# Activity
Copy each line of the following data that contains "image".

[Records contained in a dataset]
******

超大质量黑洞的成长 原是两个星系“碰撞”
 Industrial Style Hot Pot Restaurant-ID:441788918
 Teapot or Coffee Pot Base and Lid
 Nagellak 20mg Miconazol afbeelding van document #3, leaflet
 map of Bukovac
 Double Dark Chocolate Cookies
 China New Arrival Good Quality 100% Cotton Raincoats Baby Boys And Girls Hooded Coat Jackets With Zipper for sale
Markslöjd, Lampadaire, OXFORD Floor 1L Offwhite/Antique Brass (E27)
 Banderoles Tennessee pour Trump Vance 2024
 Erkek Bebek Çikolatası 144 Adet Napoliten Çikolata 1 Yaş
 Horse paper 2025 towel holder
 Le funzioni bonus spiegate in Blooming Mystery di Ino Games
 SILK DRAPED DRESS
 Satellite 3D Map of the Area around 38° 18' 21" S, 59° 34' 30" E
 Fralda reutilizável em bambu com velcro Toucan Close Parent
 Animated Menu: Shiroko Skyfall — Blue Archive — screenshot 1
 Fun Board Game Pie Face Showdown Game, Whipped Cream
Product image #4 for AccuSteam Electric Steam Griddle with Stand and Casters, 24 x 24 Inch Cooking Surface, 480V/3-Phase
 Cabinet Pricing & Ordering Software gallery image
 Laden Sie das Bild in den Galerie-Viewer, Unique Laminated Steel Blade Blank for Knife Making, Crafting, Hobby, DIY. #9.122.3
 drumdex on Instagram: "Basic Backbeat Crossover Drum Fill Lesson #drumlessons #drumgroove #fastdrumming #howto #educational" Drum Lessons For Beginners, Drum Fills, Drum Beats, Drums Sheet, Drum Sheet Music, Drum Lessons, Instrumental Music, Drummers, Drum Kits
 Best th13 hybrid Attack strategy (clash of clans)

******

# Answer to this task
Product image #4 for AccuSteam Electric Steam Griddle with Stand and Casters, 24 x 24 Inch Cooking Surface, 480V/3-Phase
 Cabinet Pricing & Ordering Software gallery image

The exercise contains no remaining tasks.